Grid-connected batteries have long been touted as a tantalizing prospect that could help balance electricity supply and demand as the amount of installed variable renewable generation ramps up. New developments suggest that prospect is now a reality.
Energy storage using grid-connected electrochemical battery systems has widely been hailed as a crucial tool to enable widespread integration of renewables, unlock grid flexibility, and bolster grid reliability. For years, battery storage was considered elusive, hindered by high upfront costs and technical setbacks. But over the past decade, battery storage has taken great leaps toward mainstream use, expanding exponentially alongside renewable technologies.
In the U.S., which harbors substantial reserves of pumped hydropower storage, battery storage is now clearly an established market. Battery storage deployments—including from lithium-ion, lead acid, sodium chemistries, and flow technologies—grew to 336 MWh in 2016, doubling megawatt-hours deployed in 2015, according a report released by GTM Research and the Energy Storage Association (ESA) in the first quarter of 2017. The entities remarked that in the final quarter of 2016 alone, 230 MWh came online—more than the sum of the previous 12 quarters combined—driven by a burst in utility installations (Figure 1).
|1. U.S. energy storage deployments (MWh). Source: GTM Research/ESA (U.S. Energy Storage Monitor)|
Worldwide, as of early April, about 733 grid-connected electrochemical projects with a total rated power of 1.8 GW (of varying duration) have been installed, according to the U.S. Department of Energy’s Global Energy Storage Database.
A Global Factor
While a vast amount of research and analyses on the sector exists, the consensus is this growth is expected to continue. IHS Markit, which owns the Energy Storage Intelligence Service, records a global 390-MW pipeline for battery projects, characterized by new announcements in China, Australia, South Korea, and India.
“Energy storage is set to grow as fast as solar photovoltaic energy has in recent years, sparking strong interest from a wide range of players and underscored by recent mergers and acquisitions among car manufacturers, major oil and gas companies, and conventional power suppliers,” said Marianne Boust, a principal analyst at IHS Markit.
Industry experts caution, though, that this growth won’t be even. Several fundamental contributing factors are setting the stage for future battery storage growth in different regions. Every country around the world, they note, has a unique energy storage potential that is based on the combination of energy resources, historical physical infrastructure, and electricity market structure, as well as regulatory framework, population demographics, energy demand patterns and trends, and general grid architecture and condition.
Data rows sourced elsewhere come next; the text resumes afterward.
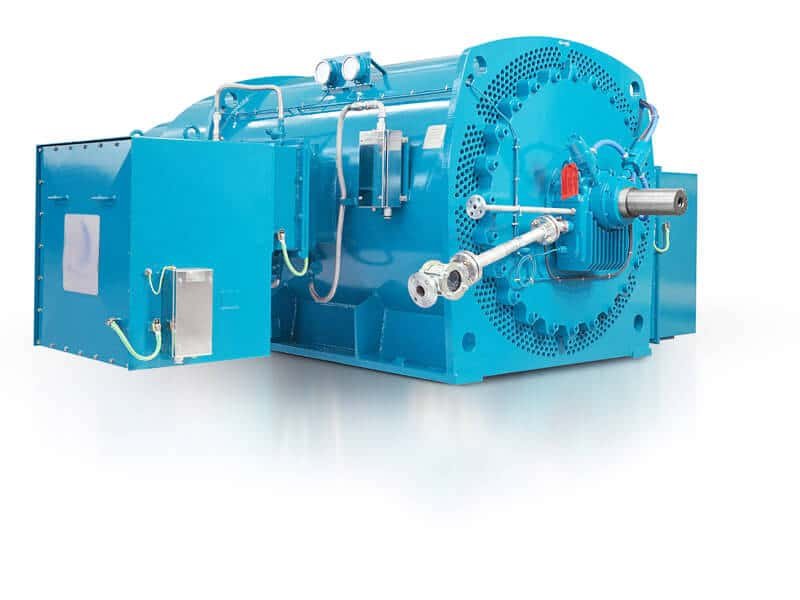 Schorch Explosion-Proof ATEX Schorch Explosion-Proof ATEX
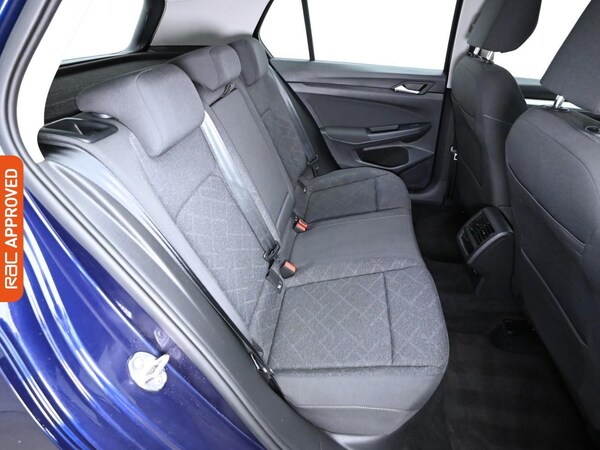 Used Volkswagen Golf 2021 for sale - 76142100: Photo 13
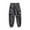 Gray, variant on FDGIU Men's Tactical Cargo Pants Fall 2025 - Lightweight Stretch Work Pants with Multi-Pockets, Outdoor Hiking Jogger Pants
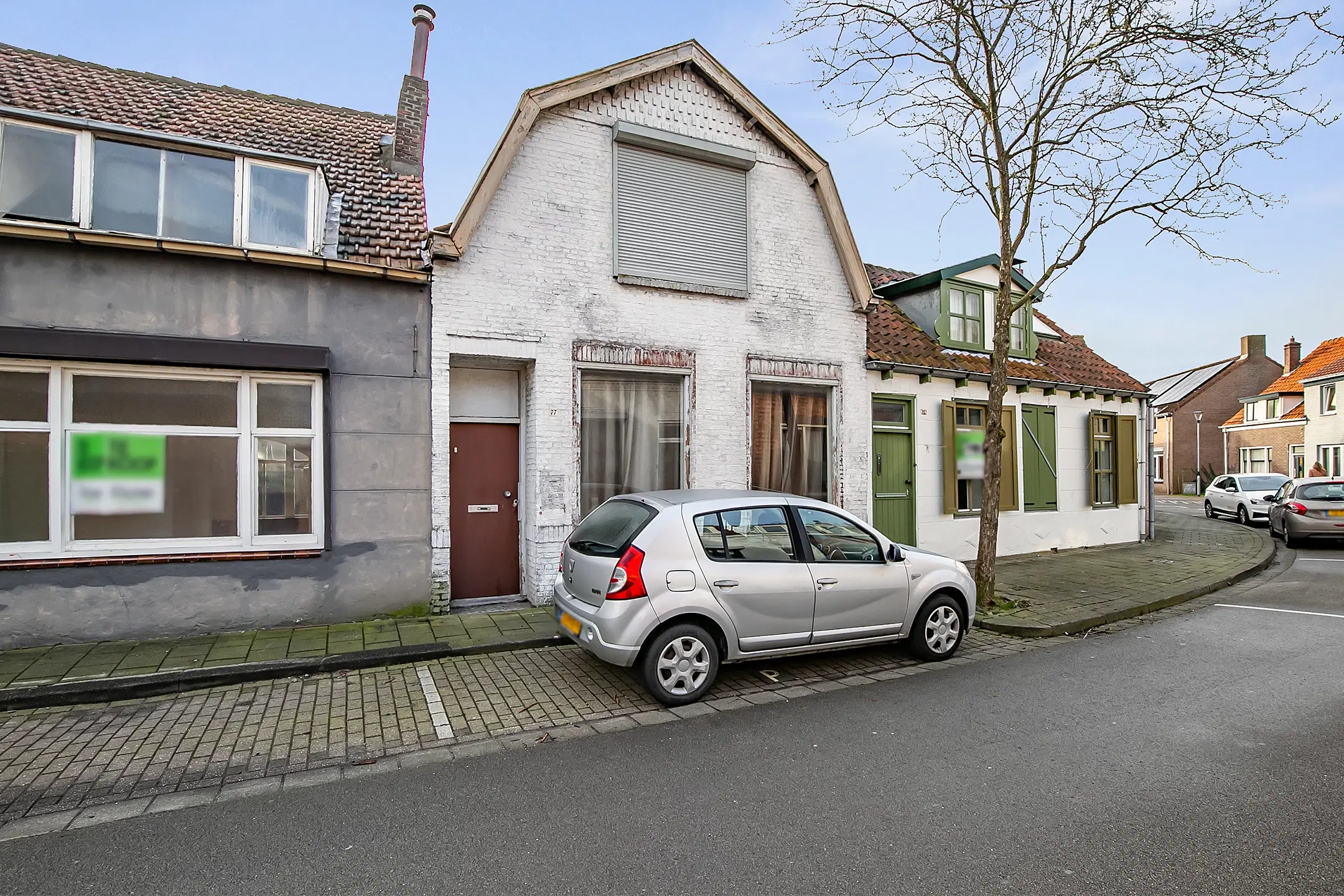 Terneuzen, Nieuwediepstraat 77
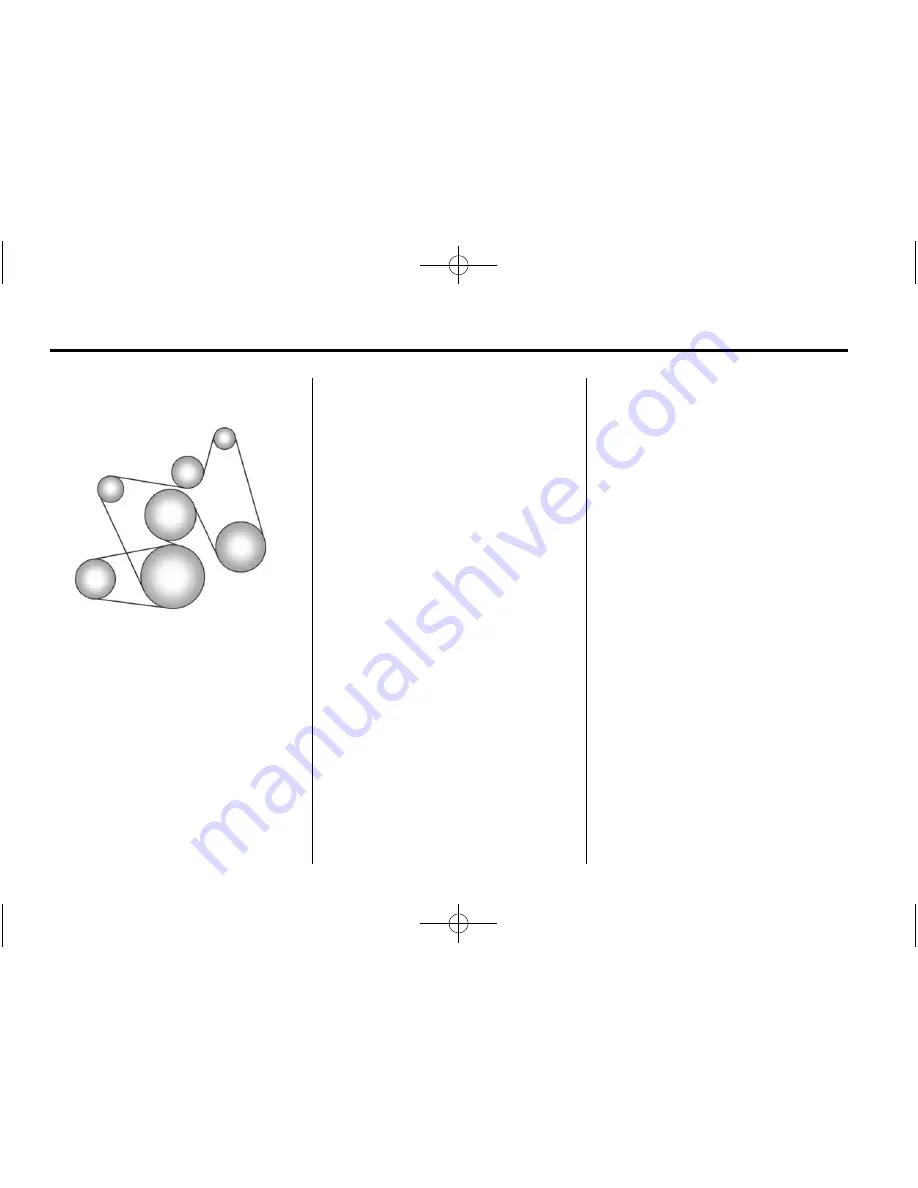 GMC 2004 YUKON DENALI Owner'S Manual Download Page 488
It is more valuable to assess general drivers affecting the sector, the experts say. One of the most important drivers of utility-scale battery storage systems, for example, continues to be the substantial growth in the amount of renewable energy being deployed around the world. Bloomberg New Energy Finance said in a 2016-released long-term forecast that 644 GW of new wind and solar photovoltaic (PV) capacity could be installed worldwide over the next five years. That variable generation could present a host of challenges to electrical grids not designed to handle them, particularly in the developing world, where grids are already stressed delivering existing generation.
Another key driver will involve national targets to curb greenhouse gas emissions under the Paris Agreement negotiated by 197 countries in late 2015. Countries are also generally moving toward improving the resilience of their grids in the face of heightened climate disruptions.
Meanwhile, falling system costs are making battery storage an attractive alternative to certain infrastructure investments. The sector’s relative maturity is also prompting many utilities to consider energy storage systems in resource planning. The financial community, too, is getting comfortable with investments in battery storage.
In the Act of Consolidating
Yet, the sector is still in a state of flux, and it is still unclear whether this will help or hinder the widespread deployment of battery storage.
Surging interest and rapid deployment have attracted an increasing number of actors in the sector, such as utilities, battery manufacturers, and renewable project developers, which are generally helping to drive competition. Greensmith Energy, a U.S.-based firm that designs and deploys energy storage systems and software, noted that in the face of diminished venture capital funding, market participants are also looking to execute on growth strategies and scale-up to maximize profits or decrease costs along the value chain.
Those are some reasons the sector saw multiple large corporate deals during 2016. Total Energy, for example, acquired industrial battery maker Saft, Engie bought Green Charge Networks, Doosan struck an agreement with energy storage systems software provider 1Energy Systems, and Tesla Motors acquired SolarCity.
“Under synergistic circumstances, mergers can certainly jumpstart long-term growth for an enterprise, but the failure rate of mergers and acquisitions is between 70%–90%,” said Ian McClenny, a research analyst with Navigant Research in an August blog post.
McClenny pointed out that enterprises might also choose to acquire companies to fundamentally shift their core competencies to another business segment.
“Creating shareholder value is important to secure longevity in any market; investor expectations help incent company innovation,” he said. “Key motivations behind these acquisitions appear to be project financing and accessibility to behind-the-meter customers. Having more financial resources bolsters a storage company’s influence when bidding for larger grid storage contracts.”
A Technology Shakeout
Meanwhile, over the past three years, battery storage technology markets have seen a general upheaval.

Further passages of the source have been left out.